Swiss great Roger Federer hopes retiring Briton Andy Murray can finish his career “the way he wants” at Wimbledon later this year.
Meanwhile, world number one Novak Djokovic says he will carry “beautiful memories” from his time on and off court with the Scot.
Murray, 31, plans to retire after Wimbledon but admits the Australian Open could be his final tournament.
“The news has hit us top guys hard,” Federer, 37, said.
“I hope he can play a good Australian Open and he can keep playing beyond that.”

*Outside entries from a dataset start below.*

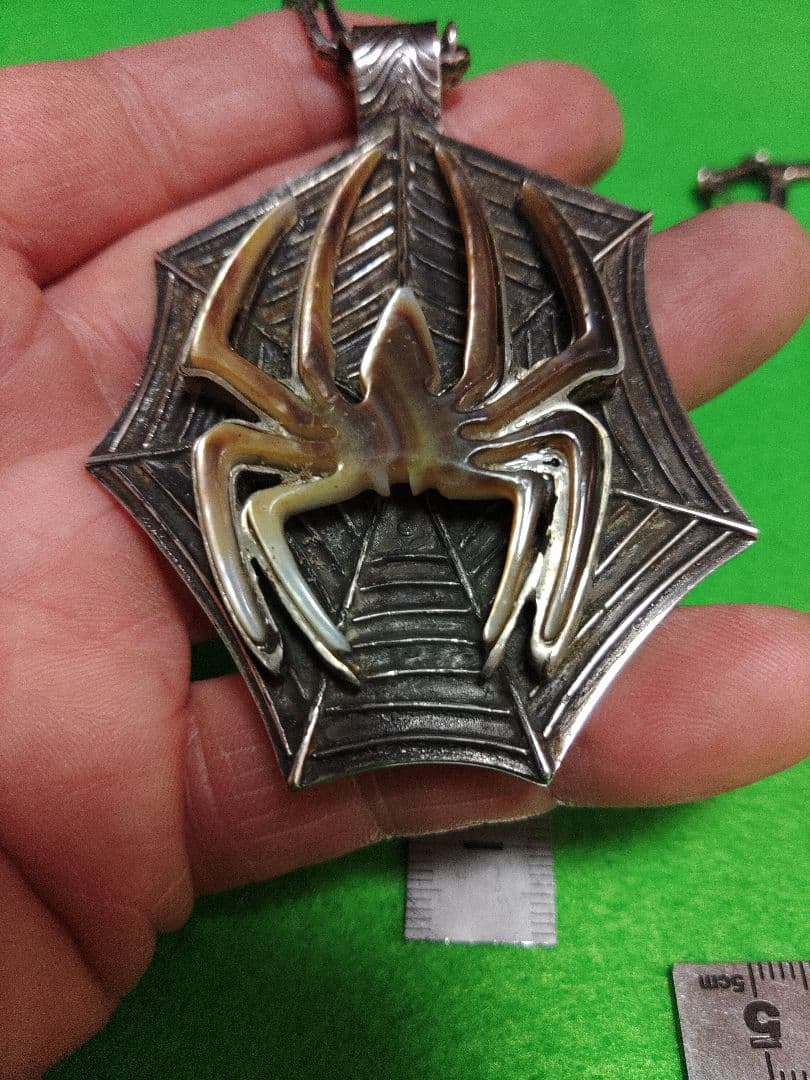 #ハンドメイドシルバーペンダントトップ　スパイダー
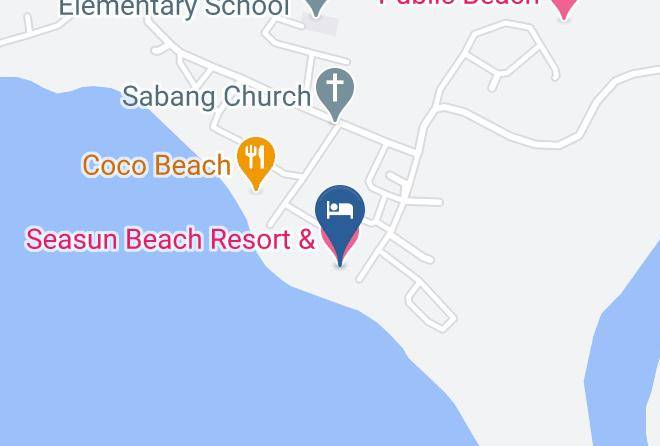 Zambales - Seasun Beach Resort & Hotel Maps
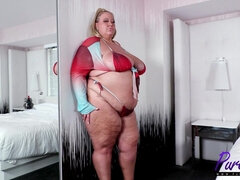 Gros cul, Gros seins, Blonde, Sucer une bite, Grosse, Fétiche, Énorme, Sperme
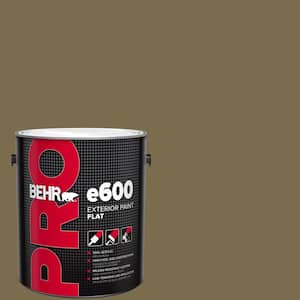 1 gal. #PPU8-01 Olive Flat Exterior Paint
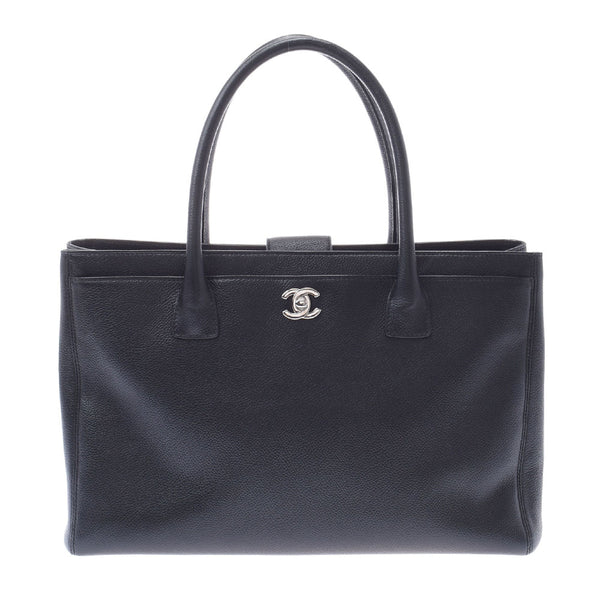 Chanel Chanel Executive Tote 2way Black Silver Fittings Ladies Caviar Skin Tote Bag A-Rank Used Silgrin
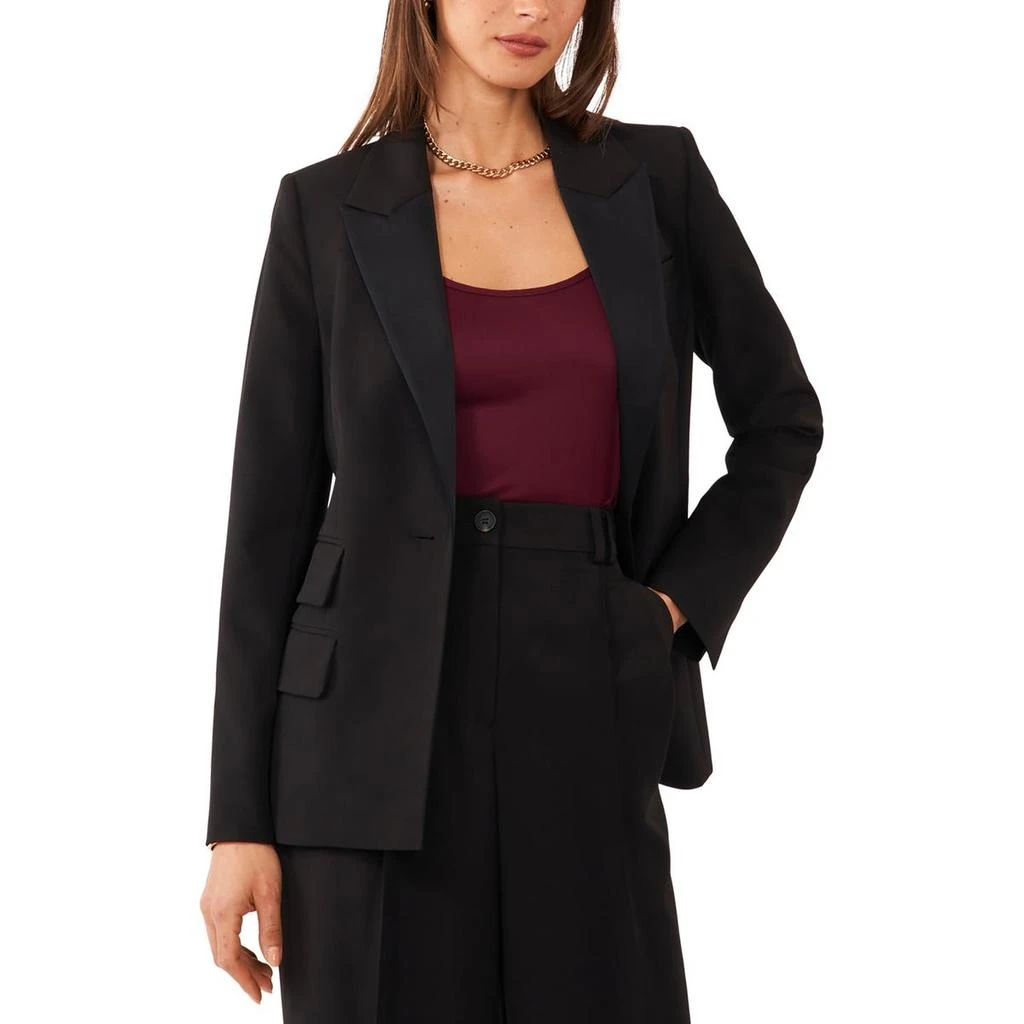 1. State Womens Crepe One-Button Blazer 4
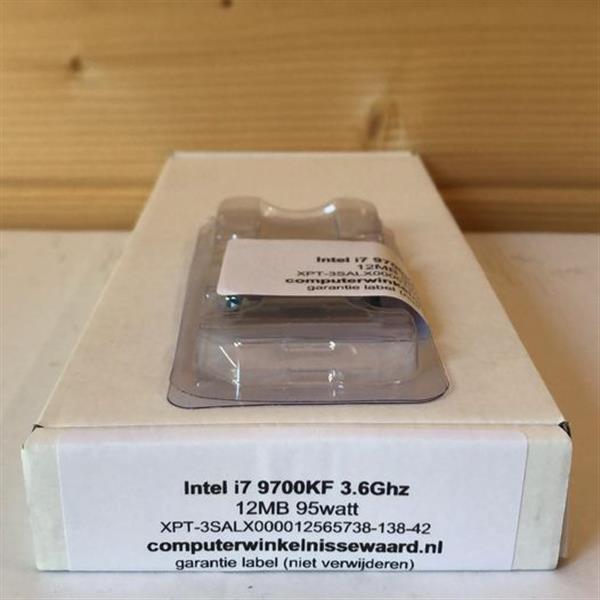 Grote foto intel processor i7 9700kf 3.6hz 12mb socket 1151 95w computers en software overige computers en software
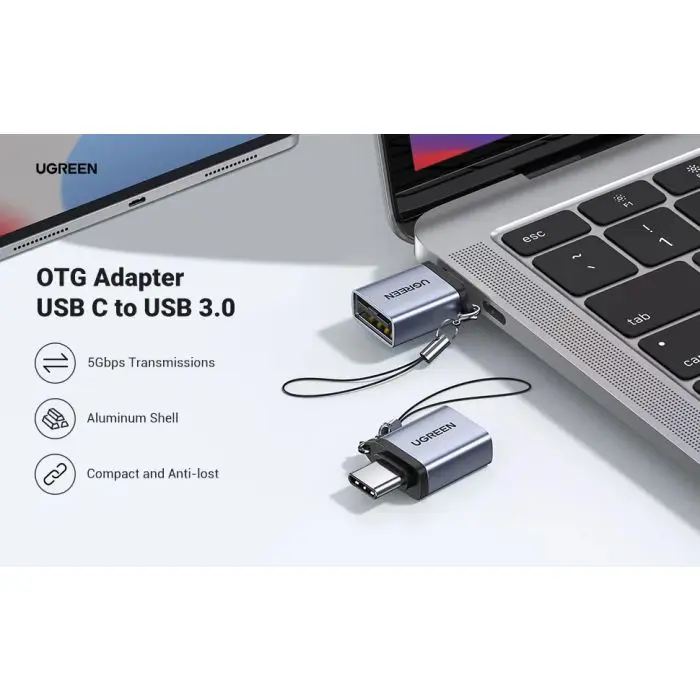 UGREEN USB-C to USB-A 3.0 adapter with cord - box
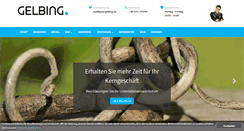 Desktop Screenshot of gelbing.de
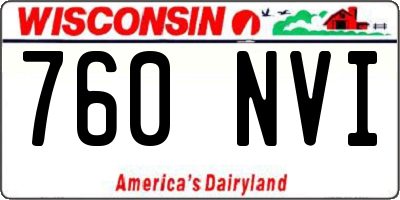 WI license plate 760NVI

Murray, a three-time Grand Slam champion and former world number one, has been suffering because of a hip injury. He plays Spanish 22nd seed Roberto Bautista Agut in Melbourne at about 07:00 GMT on Monday.
Although Federer is the defending champion at the Australian Open, and Djokovic goes into the tournament as the top seed, Murray’s impending retirement was – understandably – a prominent part of their first news conferences at Melbourne Park.
Murray has often been considered, alongside them and Rafael Nadal, as one of the ‘big four’ on the ATP Tour, even though he is well short of the Grand Slam victories recorded by his rivals.
Despite Federer turning 38 this year, and Nadal struggling with injury throughout his career, it is Murray who looks set to quit playing first after battling his hip injury for almost two years.
“I was disappointed and sad, a little bit shocked, to know now we’re going to lose him at some point,” said Federer, who has won an all-time record 20 Grand Slam singles titles.
“But we’re going to lose everybody at some point. It’s just now that it’s definite.”
In addition to his major titles, Murray also won two Olympic golds and 45 ATP tournaments, and led Britain to the 2015 Davis Cup.
“He won everything he wanted to win. Anybody would substitute their career with his,” added Federer.
“It’s a tough one, but on down the road he can look back on and be incredibly proud of everything he has achieved.”